ECLI:NL:RBSHE:2009:BK2278
Rechtbank 's-Hertogenbosch
- Eerste aanleg - enkelvoudig
- P.A.M. Penders
- Rechtspraak.nl
Niet-ontvankelijkheid van verzoek tot toepassing van de schuldsaneringsregeling wegens termijnoverschrijding
In deze zaak heeft de Rechtbank 's-Hertogenbosch op 26 oktober 2009 uitspraak gedaan over de niet-ontvankelijkheid van een verzoekster die de toepassing van de schuldsaneringsregeling wilde aanvragen. De verzoekster had op 22 september 2009 een verzoek ingediend, maar dit verzoek was niet tijdig gedaan. De rechtbank had eerder op 13 augustus 2009 de verzoekster geïnformeerd over de mogelijkheid om een verzoek tot schuldsanering in te dienen, met de duidelijke instructie dat dit binnen veertien dagen na de datum van de brief moest gebeuren. De verzoekster heeft echter pas op 22 september 2009 haar verzoek ingediend, wat resulteerde in een overschrijding van de gestelde termijn.
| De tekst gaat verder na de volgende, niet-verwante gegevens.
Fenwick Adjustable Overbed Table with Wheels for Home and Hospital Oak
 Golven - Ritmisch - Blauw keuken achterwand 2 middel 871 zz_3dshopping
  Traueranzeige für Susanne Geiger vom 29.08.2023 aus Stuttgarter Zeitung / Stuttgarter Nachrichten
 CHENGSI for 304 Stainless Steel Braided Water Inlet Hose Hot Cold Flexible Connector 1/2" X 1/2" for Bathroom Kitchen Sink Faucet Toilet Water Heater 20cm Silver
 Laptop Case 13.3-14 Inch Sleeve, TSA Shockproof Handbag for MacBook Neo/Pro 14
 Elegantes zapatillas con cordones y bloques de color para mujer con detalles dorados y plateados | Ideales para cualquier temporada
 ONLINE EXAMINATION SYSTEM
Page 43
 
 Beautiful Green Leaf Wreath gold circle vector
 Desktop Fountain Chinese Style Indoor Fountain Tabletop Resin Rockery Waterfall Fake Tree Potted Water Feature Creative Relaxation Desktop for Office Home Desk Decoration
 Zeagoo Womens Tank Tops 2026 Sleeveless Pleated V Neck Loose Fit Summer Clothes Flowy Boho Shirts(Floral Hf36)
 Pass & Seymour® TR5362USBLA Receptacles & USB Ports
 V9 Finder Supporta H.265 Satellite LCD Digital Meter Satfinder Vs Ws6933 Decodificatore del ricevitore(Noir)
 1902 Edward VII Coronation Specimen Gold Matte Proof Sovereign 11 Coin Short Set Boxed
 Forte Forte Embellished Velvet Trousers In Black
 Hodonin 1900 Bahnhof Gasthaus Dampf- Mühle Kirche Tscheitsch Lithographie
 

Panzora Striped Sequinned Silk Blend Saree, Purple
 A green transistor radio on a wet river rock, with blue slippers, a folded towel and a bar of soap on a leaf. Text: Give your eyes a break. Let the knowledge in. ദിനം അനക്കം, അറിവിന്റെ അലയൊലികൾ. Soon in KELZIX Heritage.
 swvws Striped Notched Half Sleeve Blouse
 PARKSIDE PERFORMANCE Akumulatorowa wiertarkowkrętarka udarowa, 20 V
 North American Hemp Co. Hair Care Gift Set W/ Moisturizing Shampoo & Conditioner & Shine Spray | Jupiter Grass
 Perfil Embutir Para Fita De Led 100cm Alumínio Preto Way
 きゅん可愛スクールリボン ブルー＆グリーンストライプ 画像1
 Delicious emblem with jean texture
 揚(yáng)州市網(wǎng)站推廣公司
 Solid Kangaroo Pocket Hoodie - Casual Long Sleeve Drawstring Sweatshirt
De rechtbank overwoog dat, volgens artikel 3 van de Faillissementswet (Fw), de griffier de verzoekster had moeten informeren over de termijn voor het indienen van een verzoekschrift. De verzoekster had niet binnen de vereiste termijn gereageerd, en haar argument dat zij eerder budgetbeheer en schuldregeling had aangevraagd, werd niet als geldig argument geaccepteerd. De rechtbank stelde vast dat artikel 15b Fw, dat de mogelijkheid biedt voor een gefailleerde om haar faillissement op te heffen en tegelijkertijd de schuldsaneringsregeling aan te vragen, niet van toepassing was, omdat de verzoekster niet failliet was verklaard.
De rechtbank concludeerde dat de verzoekster niet ontvankelijk was in haar verzoek tot toelating tot de schuldsaneringsregeling, omdat zij de termijnoverschrijding niet kon rechtvaardigen. De uitspraak van de rechtbank is definitief, aangezien er geen hoger beroep mogelijk is tegen de beslissing om de verzoekster niet-ontvankelijk te verklaren. De rechtbank heeft de verzoekster dan ook niet-ontvankelijk verklaard in haar verzoek, en het verzoek tot faillietverklaring kan nu worden behandeld.